The revised Human Research Act (WMO) is effective as of 1 March 2017. For more detailed information, please see the news item about the amendment.

Transition period

To ensure a smooth transition from the 'old' to the 'new' legislation, the following transition procedure has been set up:

Research files (and amendments) submitted prior to 1 March 2017

These files will be assessed according to the legislation that was in effect at the moment of submission (i.e. the ‘old’ regulation), regardless of whether the decision is taken before or after 1 March 2017.

Research files submitted on or after 1 March 2017

These files are assessed based on the new legislation.

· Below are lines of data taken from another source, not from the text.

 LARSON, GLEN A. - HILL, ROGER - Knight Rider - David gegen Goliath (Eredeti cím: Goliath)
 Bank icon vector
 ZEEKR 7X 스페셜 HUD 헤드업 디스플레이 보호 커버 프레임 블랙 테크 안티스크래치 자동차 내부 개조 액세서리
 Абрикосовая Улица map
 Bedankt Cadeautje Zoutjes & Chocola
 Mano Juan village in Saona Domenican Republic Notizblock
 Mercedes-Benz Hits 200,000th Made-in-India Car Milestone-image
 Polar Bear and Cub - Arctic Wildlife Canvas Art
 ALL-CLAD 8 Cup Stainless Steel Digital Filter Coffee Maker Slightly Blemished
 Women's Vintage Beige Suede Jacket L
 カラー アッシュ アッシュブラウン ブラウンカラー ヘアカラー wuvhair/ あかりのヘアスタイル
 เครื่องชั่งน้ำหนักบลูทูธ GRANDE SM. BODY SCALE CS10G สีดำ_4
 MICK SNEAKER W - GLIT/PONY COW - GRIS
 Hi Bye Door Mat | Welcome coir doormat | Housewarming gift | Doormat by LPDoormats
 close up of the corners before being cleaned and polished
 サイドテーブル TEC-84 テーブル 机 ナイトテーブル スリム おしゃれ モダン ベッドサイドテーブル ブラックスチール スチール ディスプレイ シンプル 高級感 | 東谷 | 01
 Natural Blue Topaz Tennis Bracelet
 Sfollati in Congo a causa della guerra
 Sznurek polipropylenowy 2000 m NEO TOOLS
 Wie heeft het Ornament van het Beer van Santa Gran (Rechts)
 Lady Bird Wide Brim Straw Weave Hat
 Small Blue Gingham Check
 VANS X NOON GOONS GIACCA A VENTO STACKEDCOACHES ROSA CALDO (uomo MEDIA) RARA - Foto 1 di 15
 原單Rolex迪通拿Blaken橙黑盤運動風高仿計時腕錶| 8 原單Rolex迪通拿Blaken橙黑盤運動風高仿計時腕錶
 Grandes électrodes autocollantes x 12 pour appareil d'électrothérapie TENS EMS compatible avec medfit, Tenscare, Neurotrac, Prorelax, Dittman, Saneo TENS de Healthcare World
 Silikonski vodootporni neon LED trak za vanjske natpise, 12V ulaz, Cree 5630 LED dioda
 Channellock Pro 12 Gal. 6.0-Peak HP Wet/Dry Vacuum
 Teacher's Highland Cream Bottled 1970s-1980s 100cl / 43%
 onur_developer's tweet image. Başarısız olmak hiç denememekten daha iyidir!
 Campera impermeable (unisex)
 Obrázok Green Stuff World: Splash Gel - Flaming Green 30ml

Amendments submitted on or after 1 March 2017

Amendments that are submitted on or after 1 March 2017 are assessed based on the new legislation (these amendments are related to research files that were assessed prior to 1 March 2017, based on the current legislation). The legislation that was in effect at the moment the amendment was submitted is leading.
Note: if, from 1 March 2017, 16- and 17-year-old subjects are added to ongoing research protocols with test subjects of a legal age, by way of an amendment, this must be checked against the specific remuneration rules (if applicable) for this age category (art. 3, section one, (new) element g, WMO).

Mandatory paediatrician in MREC

The mandatory presence of a paediatrician is only applicable for research files and amendments that are assessed on or after 1 March 2017.

Informed consent and ongoing research

Minors that turn 16 during the course of the research trial will not have to explicitly give informed consent (again). In most cases, the child will already have given consent for participation in the trial (as well as his/her parents).
Even if the child has not actually given co-consent for participation (for instance if it was included in the trial at the age of 11), it is not necessary to ask for consent when the test subject reaches the age of 16, due to the fact that the parent already gave consent at the time, on behalf of the child.
Exception: if an amendment is submitted that changes the content of the research protocol to such an extent that the test subjects will have to be asked for their renewed consent, the 16- and 17-year-old test subjects must also give their informed consent again.